● What the task asks
Once the images are removed, repeat all of the entries exactly.

(Brief descriptive captions)
----

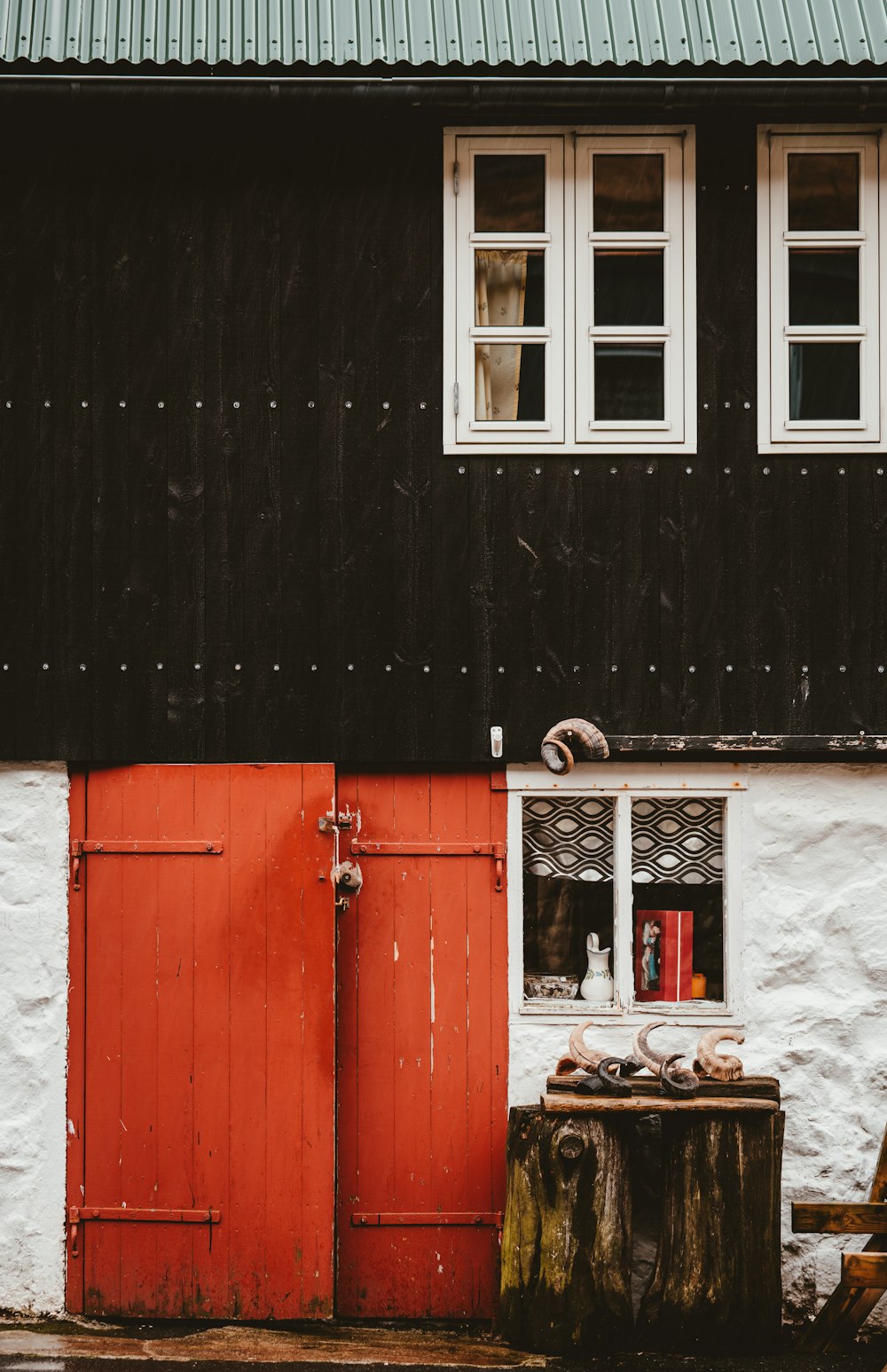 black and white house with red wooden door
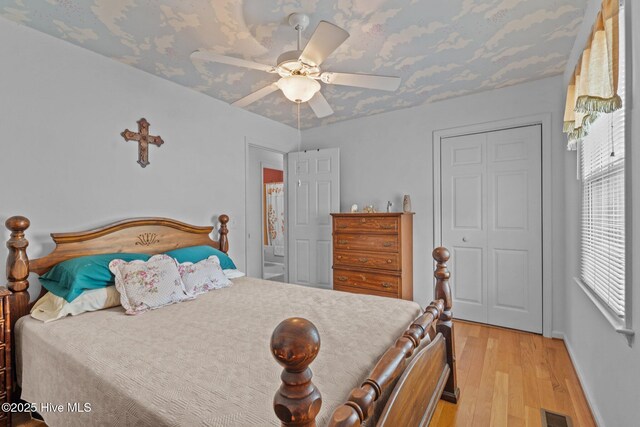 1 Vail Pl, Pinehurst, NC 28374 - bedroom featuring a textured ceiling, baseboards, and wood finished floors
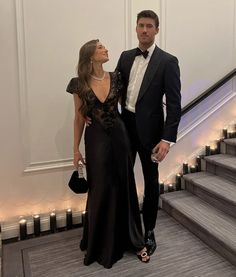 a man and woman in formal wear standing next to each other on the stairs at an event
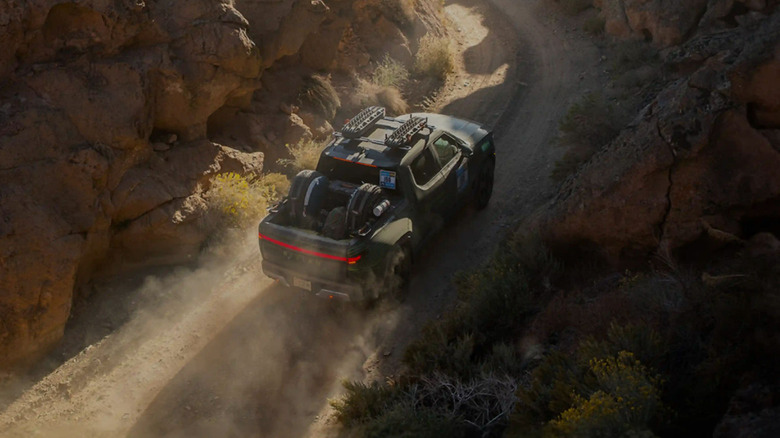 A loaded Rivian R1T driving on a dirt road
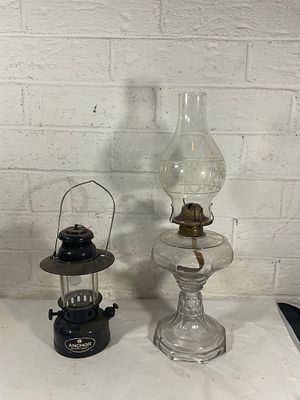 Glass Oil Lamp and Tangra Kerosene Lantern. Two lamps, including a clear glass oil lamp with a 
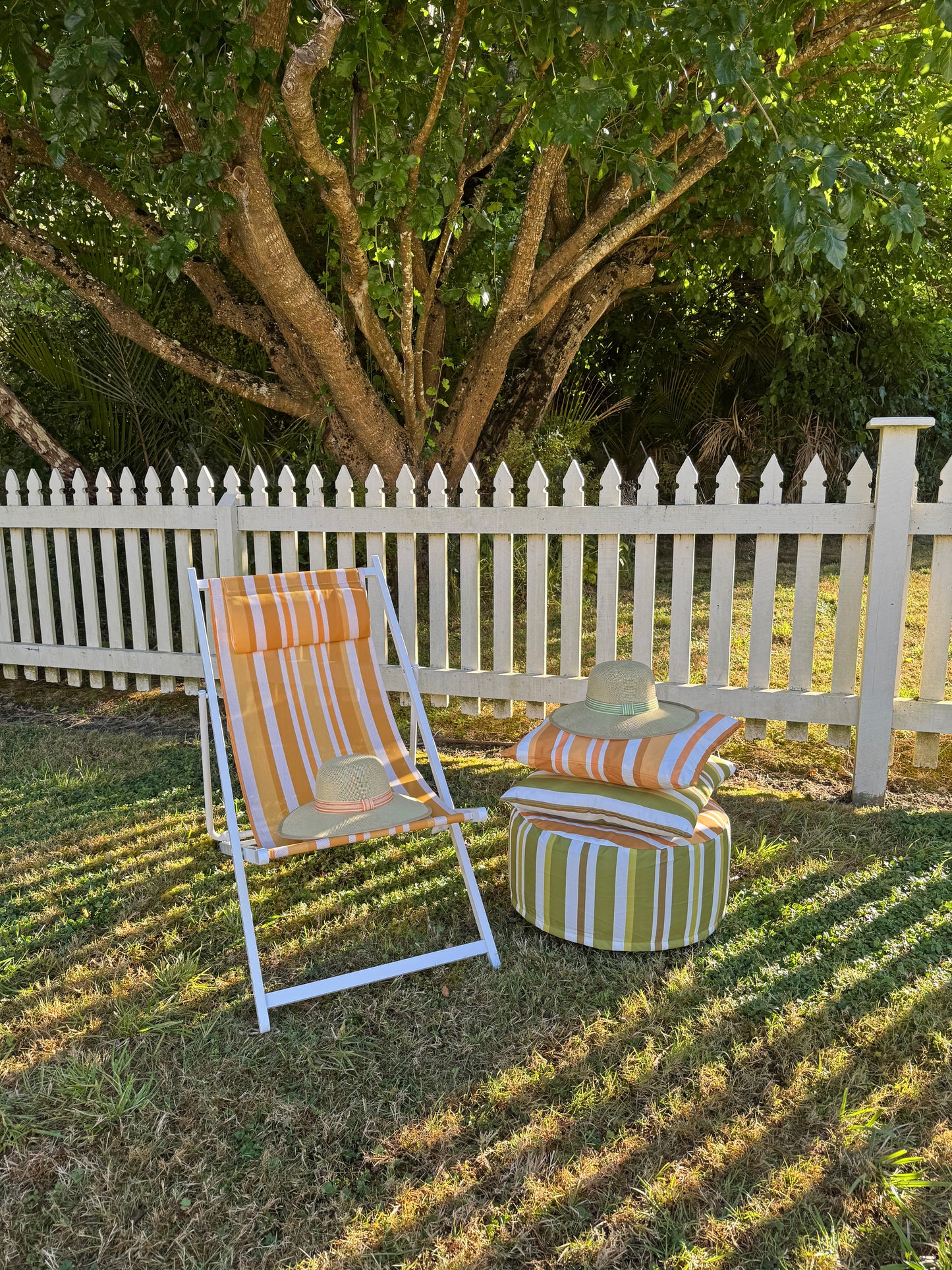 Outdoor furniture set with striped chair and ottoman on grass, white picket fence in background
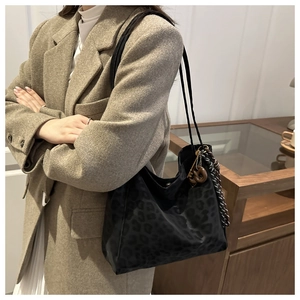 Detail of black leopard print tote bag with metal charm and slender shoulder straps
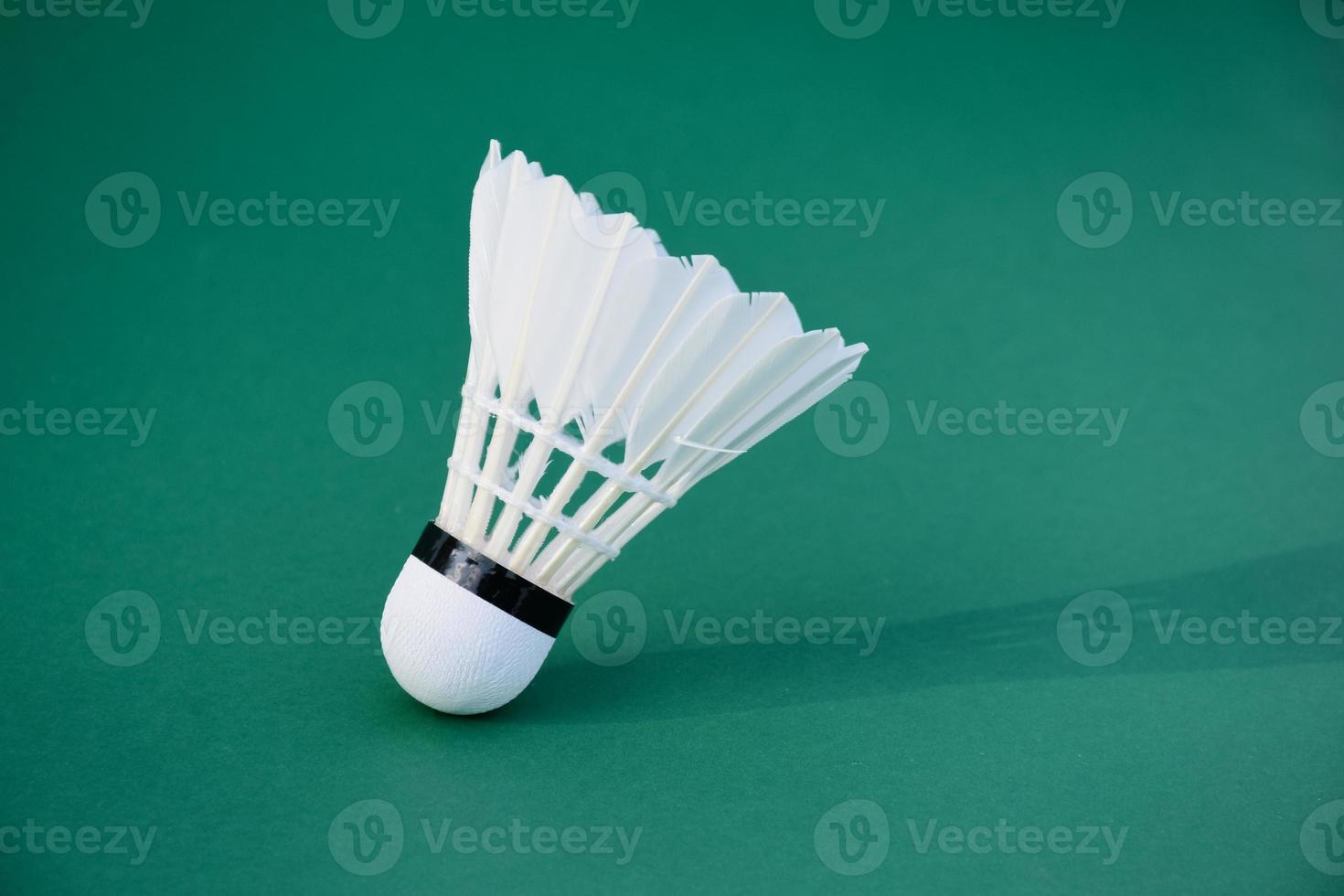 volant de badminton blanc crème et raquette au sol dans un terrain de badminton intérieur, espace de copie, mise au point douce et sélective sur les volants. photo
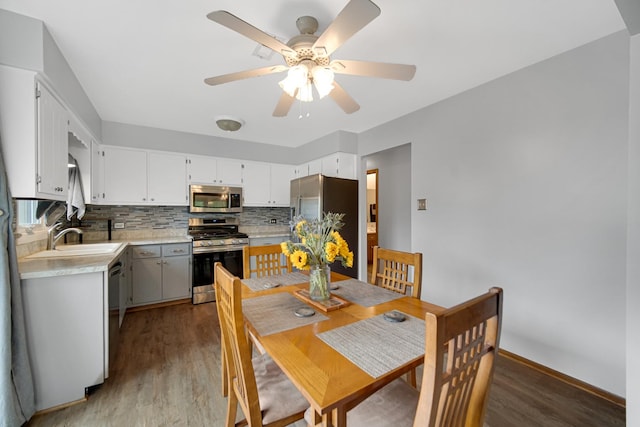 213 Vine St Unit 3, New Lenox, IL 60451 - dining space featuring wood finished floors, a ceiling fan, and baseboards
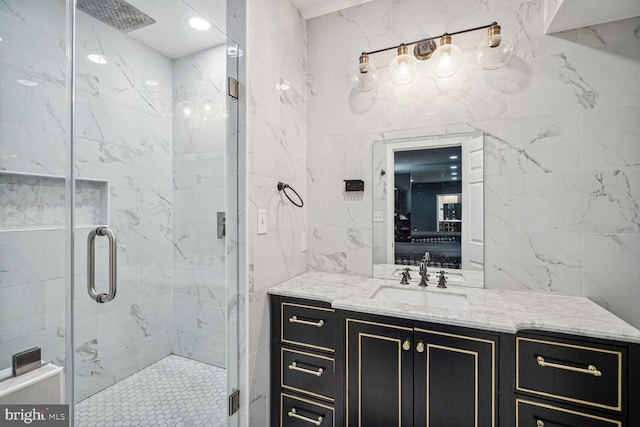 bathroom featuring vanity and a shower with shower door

----

● Output for this task
 black and white house with red wooden door
 1 Vail Pl, Pinehurst, NC 28374 - bedroom featuring a textured ceiling, baseboards, and wood finished floors
 a man and woman in formal wear standing next to each other on the stairs at an event
 A loaded Rivian R1T driving on a dirt road
 Glass Oil Lamp and Tangra Kerosene Lantern. Two lamps, including a clear glass oil lamp with a 
 Outdoor furniture set with striped chair and ottoman on grass, white picket fence in background
 Detail of black leopard print tote bag with metal charm and slender shoulder straps
 volant de badminton blanc crème et raquette au sol dans un terrain de badminton intérieur, espace de copie, mise au point douce et sélective sur les volants. photo
 213 Vine St Unit 3, New Lenox, IL 60451 - dining space featuring wood finished floors, a ceiling fan, and baseboards
 bathroom featuring vanity and a shower with shower door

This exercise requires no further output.